▶ Activity: What are the lines, word for word, from the line with "Cover image for" up to and including the line with "Invitrogen ME3 Polyclonal" in the records below? Omit the pictures.

▶ Supplied material:
»»

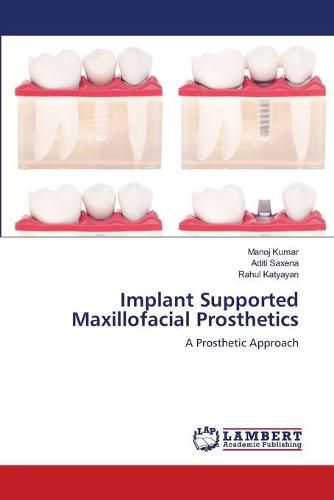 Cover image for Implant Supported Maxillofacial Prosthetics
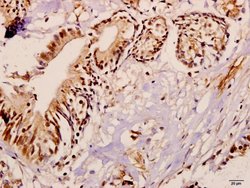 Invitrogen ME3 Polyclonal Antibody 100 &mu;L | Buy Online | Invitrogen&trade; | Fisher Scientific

««
»»

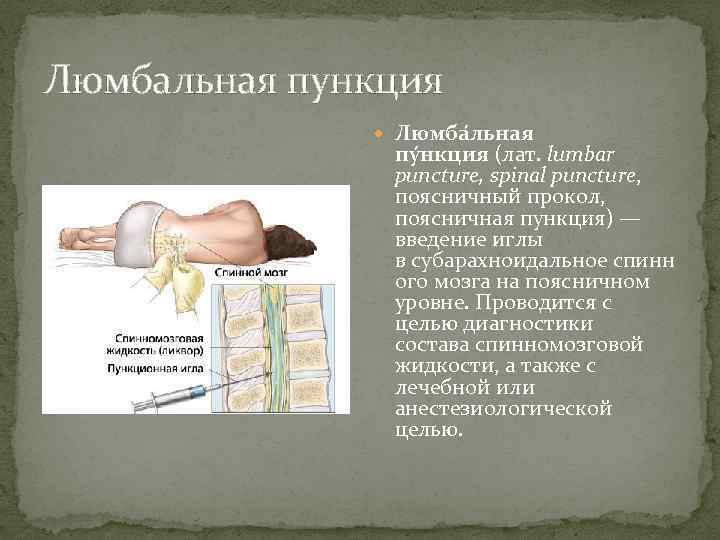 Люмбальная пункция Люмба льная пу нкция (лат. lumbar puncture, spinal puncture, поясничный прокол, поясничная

««

▶ Answer:
 Cover image for Implant Supported Maxillofacial Prosthetics
 Invitrogen ME3 Polyclonal Antibody 100 &mu;L | Buy Online | Invitrogen&trade; | Fisher Scientific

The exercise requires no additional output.